Salaries show gender pay gap in Coalition Avenir Quebec caucus
Quebec's National Assembly (Fred Bissonnette / The Canadian Press)
Within Quebec Premier Francois Legault's Coalition Avenir Quebec caucus, the most prestigious and best-paid jobs most often go to men.
Of 75 legislature members, 65 of them -- 42 men and 23 women -- have extra functions that earn them a boost in pay.
While the pay scale varies according to the functions fulfilled, there are more men than women at every level of extra pay, according to an analysis of the legislature members' salaries carried out by The Canadian Press.
At a time when all politicians tout gender parity and pay equality, the size of a politician's wallet remains a good measure of progress. And in Legault's party, legislature members who wear suits and ties are more likely to outearn their female counterparts.
In 2019, women make up 44 per cent of the legislature members who income reaches $167,482, 33 per cent of those at the $129,000 level, 25 per cent of those making $119,630 and 30 per cent of those whose salaries reach $114,845.
The most prestigious and well-paid parliamentary roles (president of the National Assembly, caucus president, chief whip, parliamentary leader) are all served by men.
Women serve some lesser roles, including assistant to the whip or assistant to the president, with a lower pay to match.
Others can hope for a parliamentary appointment, which is often seen as a consolation prize for those not tapped to be part of cabinet.
The only level of the pay scale dominated by women is the lowest one, reserved for legislature members making a base salary, which currently sits at $95,704.

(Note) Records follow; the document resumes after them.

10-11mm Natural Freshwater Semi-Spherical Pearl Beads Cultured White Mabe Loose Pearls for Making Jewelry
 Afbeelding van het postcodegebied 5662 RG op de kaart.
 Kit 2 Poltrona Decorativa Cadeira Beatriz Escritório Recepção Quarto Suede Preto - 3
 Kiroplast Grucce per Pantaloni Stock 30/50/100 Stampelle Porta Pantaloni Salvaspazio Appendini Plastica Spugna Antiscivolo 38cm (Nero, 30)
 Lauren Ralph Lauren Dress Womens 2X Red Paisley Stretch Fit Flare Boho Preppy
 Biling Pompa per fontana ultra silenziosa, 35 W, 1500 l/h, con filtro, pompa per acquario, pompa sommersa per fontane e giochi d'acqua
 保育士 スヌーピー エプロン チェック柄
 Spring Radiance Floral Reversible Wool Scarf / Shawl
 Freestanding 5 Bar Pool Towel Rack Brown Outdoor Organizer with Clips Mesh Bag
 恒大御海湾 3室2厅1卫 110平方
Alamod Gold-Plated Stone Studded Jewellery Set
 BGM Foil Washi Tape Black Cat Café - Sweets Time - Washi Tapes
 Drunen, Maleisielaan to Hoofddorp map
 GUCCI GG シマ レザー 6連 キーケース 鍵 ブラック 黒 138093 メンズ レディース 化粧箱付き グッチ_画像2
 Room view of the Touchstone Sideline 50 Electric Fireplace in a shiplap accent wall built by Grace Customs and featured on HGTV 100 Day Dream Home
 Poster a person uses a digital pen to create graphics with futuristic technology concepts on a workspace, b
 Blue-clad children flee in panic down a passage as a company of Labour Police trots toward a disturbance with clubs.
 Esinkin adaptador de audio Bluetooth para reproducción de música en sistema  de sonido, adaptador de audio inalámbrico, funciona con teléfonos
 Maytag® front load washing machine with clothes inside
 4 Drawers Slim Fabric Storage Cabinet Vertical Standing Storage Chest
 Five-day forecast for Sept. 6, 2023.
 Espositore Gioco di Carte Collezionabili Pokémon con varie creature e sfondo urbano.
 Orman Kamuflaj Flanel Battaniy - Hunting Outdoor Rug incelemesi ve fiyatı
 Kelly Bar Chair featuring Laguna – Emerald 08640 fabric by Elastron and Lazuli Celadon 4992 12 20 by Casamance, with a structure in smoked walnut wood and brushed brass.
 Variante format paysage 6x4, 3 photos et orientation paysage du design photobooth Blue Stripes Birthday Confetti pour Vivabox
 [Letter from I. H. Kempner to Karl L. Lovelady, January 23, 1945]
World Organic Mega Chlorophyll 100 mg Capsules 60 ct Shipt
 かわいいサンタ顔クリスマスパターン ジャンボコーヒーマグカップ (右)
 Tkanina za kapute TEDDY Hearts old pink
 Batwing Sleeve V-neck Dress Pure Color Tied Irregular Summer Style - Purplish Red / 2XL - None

Among the Coalition Avenir Quebec's team, 20 per cent of women weren't offered a special role, compared to eight per cent of men.
Legault's cabinet is currently made up of 14 men and 12 women. When the caucus president, chief whip and premier are counted, women make up 41 per cent.
Legault sits at the top of the pay scale, with a salary of nearly $200,000 per year.
Fifteen men and 12 women are included in the second tier of the pay scale, whose revenue is boosted to $167,482 and includes cabinet ministers and the president of the national assembly.
The position of parliamentary assistant, a function that allows an elected official to assist a minister, is often considered a gateway to cabinet. There are four times as many men as women in this category, at 16 compared to four.
The politician who has had the biggest pay cut since the election is MarieChantal Chasse, who went from environment minister to a simple committee chair, and consequently saw her pay decline from $167,482 to $119,630.
Her successor, Benoit Charette, made the exact same journey in reverse, boosting his salary by $47,852 in the process.